Framing metadata

Hey Jesse,
yes - let’s talk. I will PM you my details. Should we say Monday? So we can discuss this prior our next ACES meeting?

Whoever wants to join please let us know.

To answer your points.

Yes, I’m totally in line with you here. And that’s why we need to move away from that approach and have something that could be used from set to AVID, from Dailies to DI, from VFX Pull to finishing.

That’s exactly my goal too: avoid having people to do these things manually.

I’m not saying that your last proposal won’t work. On the opposite, I think it will be sufficient, at least to start with. However, it still leaves to the user/software to workout some of the steps required to map a target extraction to a specific container. I simply think that one single instruction isn’t enough to reach a full automated pipeline and that the more informations you can add to avoid mistakes, the better. If one can be super explicit on how a frame is meant to be pulled and scaled, why not doing it? Especially if these nodes can be left as not arbitrary but as options.

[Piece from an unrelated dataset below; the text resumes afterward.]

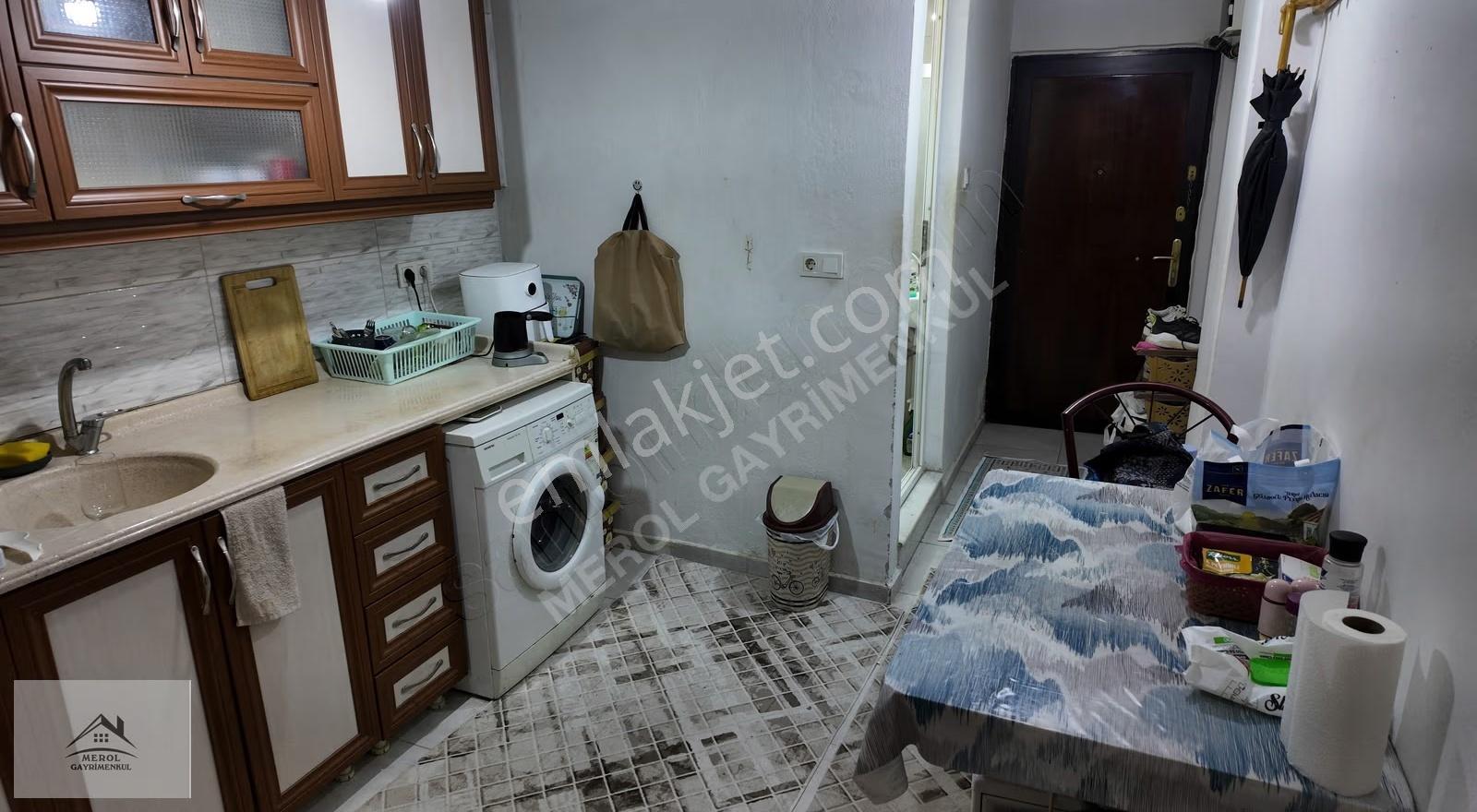 Bornova'nın Kalbinde Eşyalı 2+1 Kiralık Fırsat Daire - Görsel 24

Most of the features I worked on had to account for multi-viewing-format deliveries and 3D post conversions. Hence, on set the framelines had to allow to view those extra areas, all at the same time, so in the viewfinder and on the on-set monitors you end up with a main target frame and references frame lines of the others areas that needed to be protected (aka to leave clean from booms, flags, lights, people, etc.). To use a real-world example, again, this was the operator framing guideline I designed for one of my last shows. I usually send this document to the camera operators and the DITs for the other units to help them understand what they have to frame for (this chart represent exactly what they would be looking in the viewfinder/monitors):

The Arri XML for these framelines can be downloaded from here:
ASXTOGE_0_0_0_v1.xml (10.1 KB)

It’s one file, that contain them all. If using your proposal, to generate an ALEXA XML like that, once should manually choose between multiple Extraction nodes and fuse them into a single ARRI XML. In my proposal, whoever designs the AMF, can have multiple Target Area nodes within a single Extraction, hence one could design the AMF file, send it on set and say: “use the Extraction called ASXTOGE and it will automatically populate everything in one go”. Or, vice versa, the ARRI XML could be converted easily to a multi-layered AMF. Red works on a similar way (not with XML’s but has up to three simultaneous framelines options). Sony, I hear, that will design something similar for the Venice.

Anyway, let’s discuss it over the phone!
Have a good weekend…

F

1 Like

Hey all,
Just heads up we’ll be meeting to chat at 9:30AM pst on Monday. If anyone else wants to join us for some early Monday morning framing dialog…haha. Feel free to use this link!

ACES/ADM Framing
Mon, Sep 30, 2019 9:30 AM - 10:15 AM PDT

https://global.gotomeeting.com/join/319715109

Hey @CClark,
I just thought I would let you know, after a few of us jumped on the call today, we all agreed on @Francesco’s latest XML format!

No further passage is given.